The article states some conclusions about debt that don’t require a PhD, or even a Bachelor’s, in economics to reach. From Daniel Boudreaux at aier.org:
Who bears the burden of government indebtedness? Prior to the Keynesian revolution in the mid-20th century, most economists understood that the burden of government (or “public”) debt falls on those citizens who, in the future, must repay the debt. The funds for such repayment can come in the future from higher taxes, from reduced government expenditures on programs other than debt servicing, or from some combination of the two.
But Keynesianism destroyed this consensus. According to what my late Nobel-laureate colleague James Buchanan called the “new orthodoxy” about government debt, all such debt that is owed to fellow citizens – that is, debt that “we owe to ourselves” – is no burden at all upon the generations who must service and repay it.

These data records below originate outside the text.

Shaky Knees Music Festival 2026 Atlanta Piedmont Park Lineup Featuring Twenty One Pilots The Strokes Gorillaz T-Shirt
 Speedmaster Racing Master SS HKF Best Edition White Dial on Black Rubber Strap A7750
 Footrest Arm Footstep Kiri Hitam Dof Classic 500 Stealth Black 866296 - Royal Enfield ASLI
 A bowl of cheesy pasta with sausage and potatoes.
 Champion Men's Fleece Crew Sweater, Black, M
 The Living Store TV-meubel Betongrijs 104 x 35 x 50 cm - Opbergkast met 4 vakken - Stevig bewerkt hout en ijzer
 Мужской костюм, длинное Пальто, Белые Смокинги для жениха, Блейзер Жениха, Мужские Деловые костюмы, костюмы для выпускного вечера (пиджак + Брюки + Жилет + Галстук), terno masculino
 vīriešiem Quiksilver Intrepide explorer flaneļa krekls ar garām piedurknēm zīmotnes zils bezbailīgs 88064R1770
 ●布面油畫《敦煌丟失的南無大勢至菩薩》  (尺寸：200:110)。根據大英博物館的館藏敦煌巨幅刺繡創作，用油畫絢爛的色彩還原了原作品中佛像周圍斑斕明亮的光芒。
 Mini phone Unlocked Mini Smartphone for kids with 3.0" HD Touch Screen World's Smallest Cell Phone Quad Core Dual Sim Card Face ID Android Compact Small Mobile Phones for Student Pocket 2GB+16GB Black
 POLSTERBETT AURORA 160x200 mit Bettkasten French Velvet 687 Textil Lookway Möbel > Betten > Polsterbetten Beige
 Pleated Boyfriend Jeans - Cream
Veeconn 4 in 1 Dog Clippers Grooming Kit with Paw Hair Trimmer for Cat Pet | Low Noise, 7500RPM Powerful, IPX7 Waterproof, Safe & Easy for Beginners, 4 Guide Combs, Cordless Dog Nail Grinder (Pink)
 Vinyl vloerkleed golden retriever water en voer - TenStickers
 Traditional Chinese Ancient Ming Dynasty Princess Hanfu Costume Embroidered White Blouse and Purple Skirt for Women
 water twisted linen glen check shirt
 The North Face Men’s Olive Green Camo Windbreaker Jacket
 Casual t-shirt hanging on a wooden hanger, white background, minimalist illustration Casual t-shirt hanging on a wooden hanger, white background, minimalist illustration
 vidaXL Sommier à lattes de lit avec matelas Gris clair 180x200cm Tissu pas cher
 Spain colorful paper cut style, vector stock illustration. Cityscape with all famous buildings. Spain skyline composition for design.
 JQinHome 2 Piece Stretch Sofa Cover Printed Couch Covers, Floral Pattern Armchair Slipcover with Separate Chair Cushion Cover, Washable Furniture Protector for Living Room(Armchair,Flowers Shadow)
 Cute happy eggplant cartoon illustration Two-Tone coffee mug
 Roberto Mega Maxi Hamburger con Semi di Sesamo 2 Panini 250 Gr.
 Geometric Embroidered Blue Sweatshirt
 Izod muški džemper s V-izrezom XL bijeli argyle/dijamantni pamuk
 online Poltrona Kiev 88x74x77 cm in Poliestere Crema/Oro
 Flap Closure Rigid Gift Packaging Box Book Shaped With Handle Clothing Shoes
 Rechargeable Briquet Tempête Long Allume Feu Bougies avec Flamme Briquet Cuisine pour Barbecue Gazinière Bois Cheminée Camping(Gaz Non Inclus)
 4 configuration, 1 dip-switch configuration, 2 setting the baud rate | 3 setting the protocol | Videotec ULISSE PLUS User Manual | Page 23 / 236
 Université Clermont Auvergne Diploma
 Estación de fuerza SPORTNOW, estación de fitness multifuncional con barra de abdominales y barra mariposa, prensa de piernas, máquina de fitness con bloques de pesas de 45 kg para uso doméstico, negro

Three Prongs of the Keynesian Orthodoxy
There are three prongs to this Keynesian orthodoxy. The first prong is rooted in the Keynesian insistence that the main driver of economic activity is the volume of total spending, or what economists call “aggregate demand.” And so if American citizen Smith is taxed an extra $1,000 in order to retire a $1,000 U.S. government bond held by American citizen Jones, there’s no reason to believe that total spending in the American economy will change. While Smith’s spending will fall because his after-tax income falls by $1,000, Jones’s spending will rise upon his receipt of this $1,000. Retiring the debt, therefore, has no effect on economic activity as a whole.